# Deep Learning Project: MNIST Classification using Keras and TensorFlow

# Table of Contents

- [Introduction](#introduction)
- [1. Dataset Preprocessing](#1-dataset-preprocessing)
- [2. Model Creation](#2-model-creation)
- [3. Model Training, Evaluation, and Testing](#3-model-training-evaluation-and-testing)
- [4. Fine-Tuned Model (Hyperparameter Tuning)](#4-fine-tuned-model)
- [5. Summary and Conclusion](#5-summary-and-conclusion)

## Introduction

This project demonstrates the development of a fully connected neural network using Keras and TensorFlow for image classification tasks. We employ the classic MNIST dataset of handwritten digits (0–9) to walk through an end-to-end deep learning workflow.

Key steps in this project include:
- **Dataset Preprocessing:** Loading the MNIST dataset, normalizing pixel values, and splitting the data into training, validation, and test sets.
- **Model Creation:** Building a Multi-Layer Perceptron (MLP) with an input layer, hidden layers (with dropout for regularization), Dropout layers for preventing overfitting and an output layer using Softmax activation.
- **Training and Evaluation:** Training the model on the training data, validating its performance during training, evaluating it on unseen test data and visualizing training history and predictions.
- **Fine-Tuning:** Using Keras Tuner for hyperparameter optimization, exploring different architectures and parameters, comparing performance between original and fine-tuned models and analyzing improvements through various metrics and visualizations.

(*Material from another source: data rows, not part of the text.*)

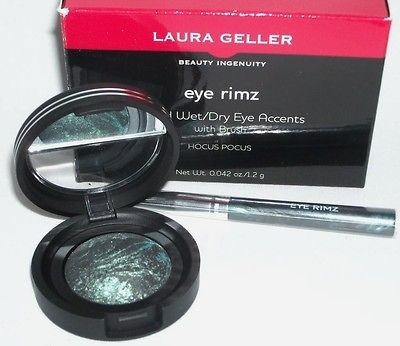 laura geller eye rimz hocus pocus 1 8g includes brush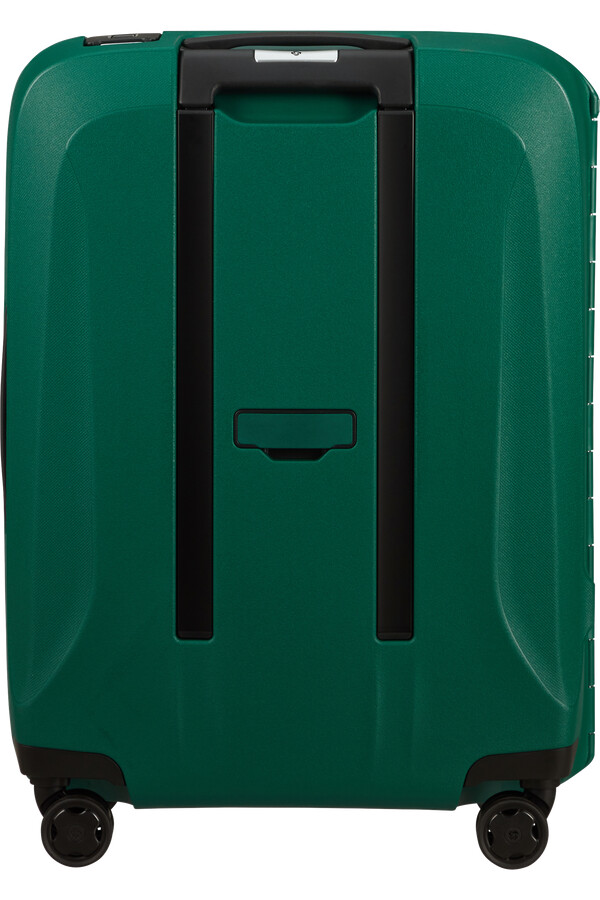 essens spinner 4 ρόδες 55cm alpine green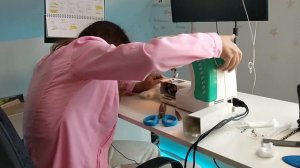 Первый раз шью сумку. Сшила сумку из меха. выкройка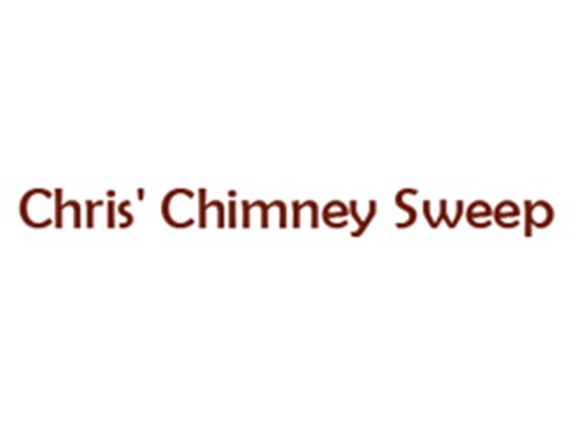 Chris' Chimney Sweep - Santa Maria, CA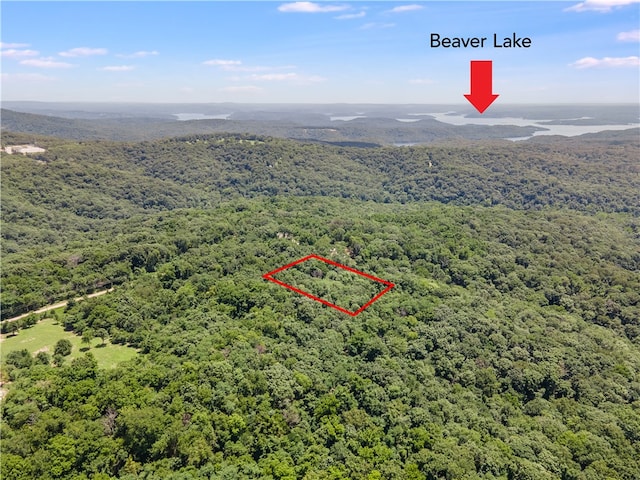 Huckleberry Cir, Rogers, AR 72756 - photo 1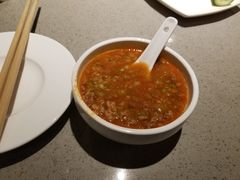 -海底捞火锅(龙湖三千集店)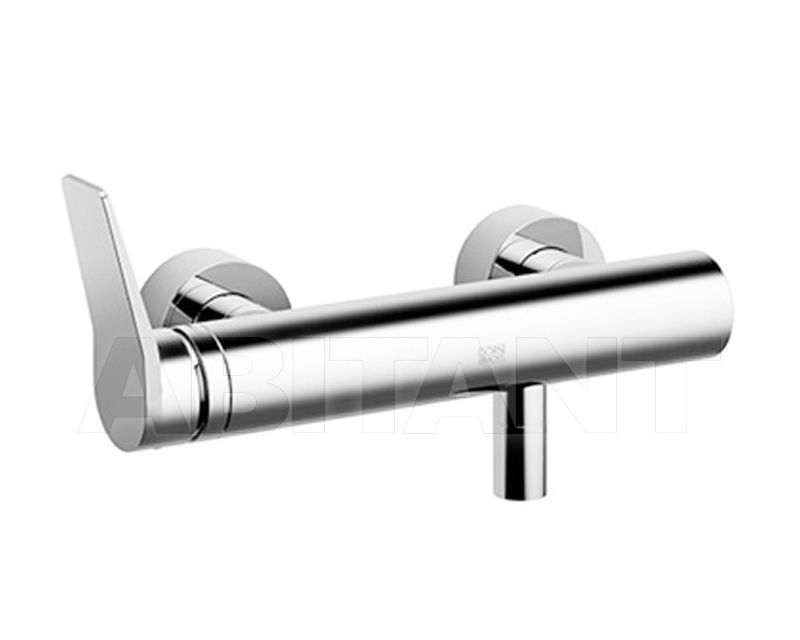 Wall mixer 33300845 price on request Buy Wall mixer Dornbracht New 2016 33300845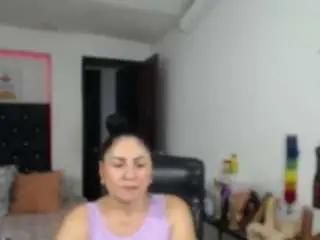 Camsoda Live Porn of sexy-bigboobs10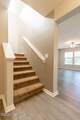 507 Worcester Court - Photo 22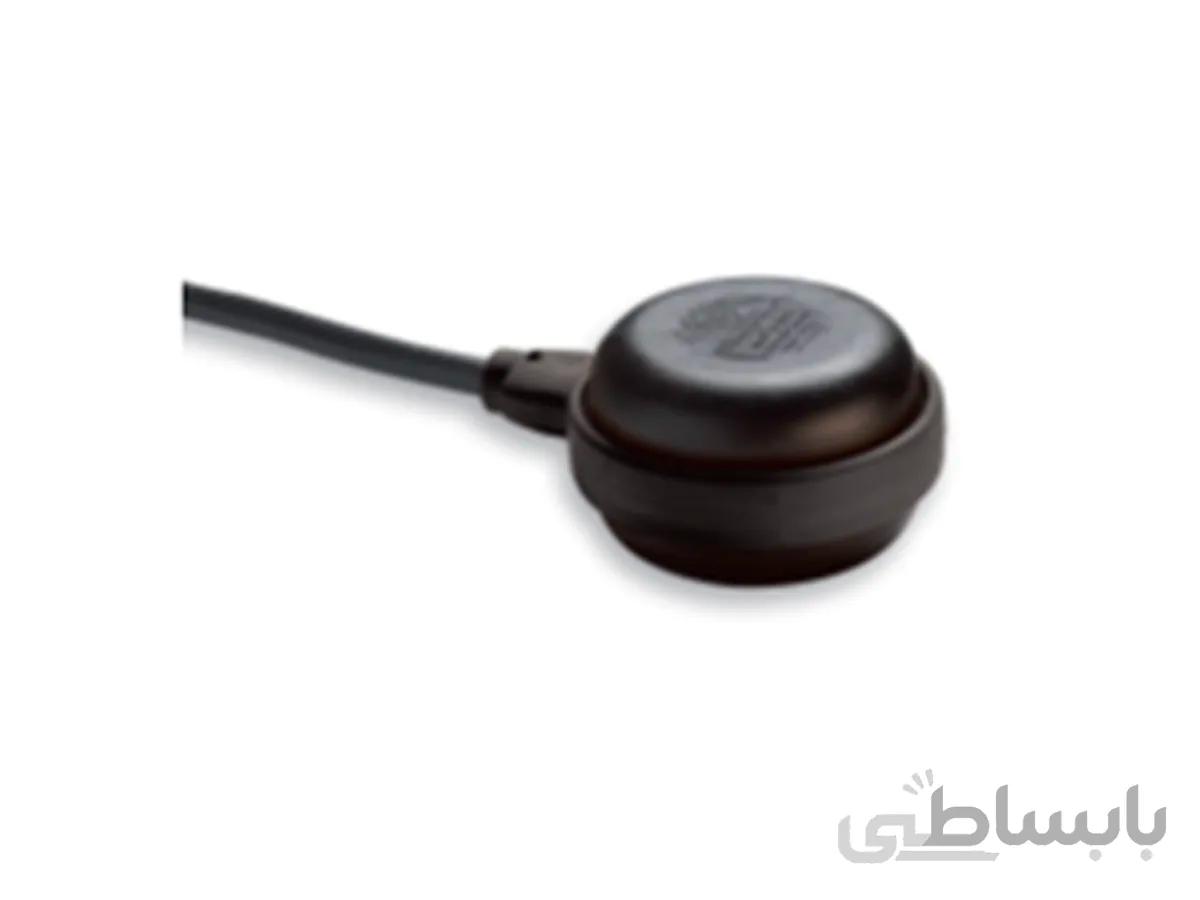 فلوتر برقی نیم متری تکنوپلاستیک OLYMPIC FLOW SWITCH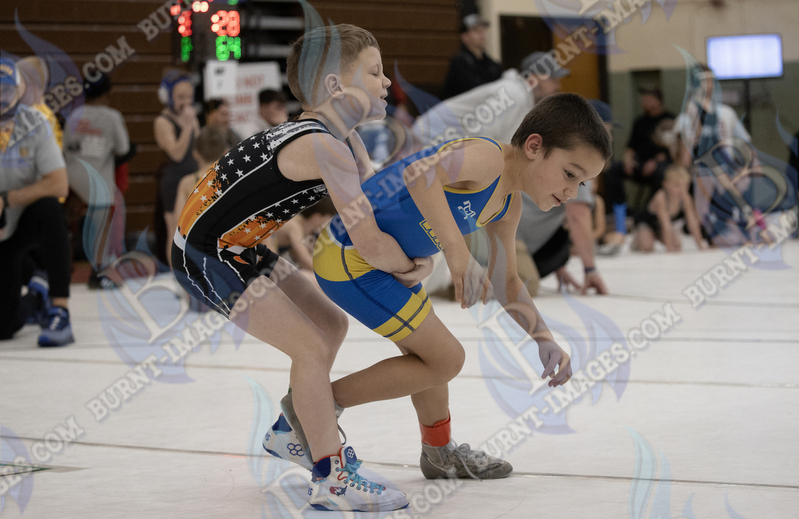 Boys Warrior Wrestling Club matts 1 thru 620260119086.jpg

This notebook provides a comprehensive introduction to deep learning techniques with practical insights into model design, training, and optimization.

## 1. Dataset Preprocessing

This section focuses on preparing the MNIST dataset for training our deep learning model.

First, we will load the MNIST dataset directly from Keras, which provides it pre-split into training and testing sets. We will then further split the training set into training and validation sets.

In [1]:
# Import the required libraries
import tensorflow as tf
from tensorflow import keras
import numpy as np
import pandas as pd
import matplotlib.pyplot as plt
import keras_tuner as kt
from sklearn.metrics import confusion_matrix
import seaborn as sns

In [2]:
# Set random seed for reproducibility
tf.random.set_seed(42)
np.random.seed(42)

In [None]:
# Load MNIST dataset
(x_train_full, y_train_full), (x_test, y_test) = keras.datasets.mnist.load_data()

print("Dataset loaded successfully.")

The MNIST dataset is a classic dataset in machine learning and computer vision. It consists of grayscale images of handwritten digits from 0 to 9.

*   **Number of samples**: 60,000 training images and 10,000 test images.
*   **Number of classes**: 10 (digits 0-9).
*   **Input dimensions**: Each image is 28x28 pixels.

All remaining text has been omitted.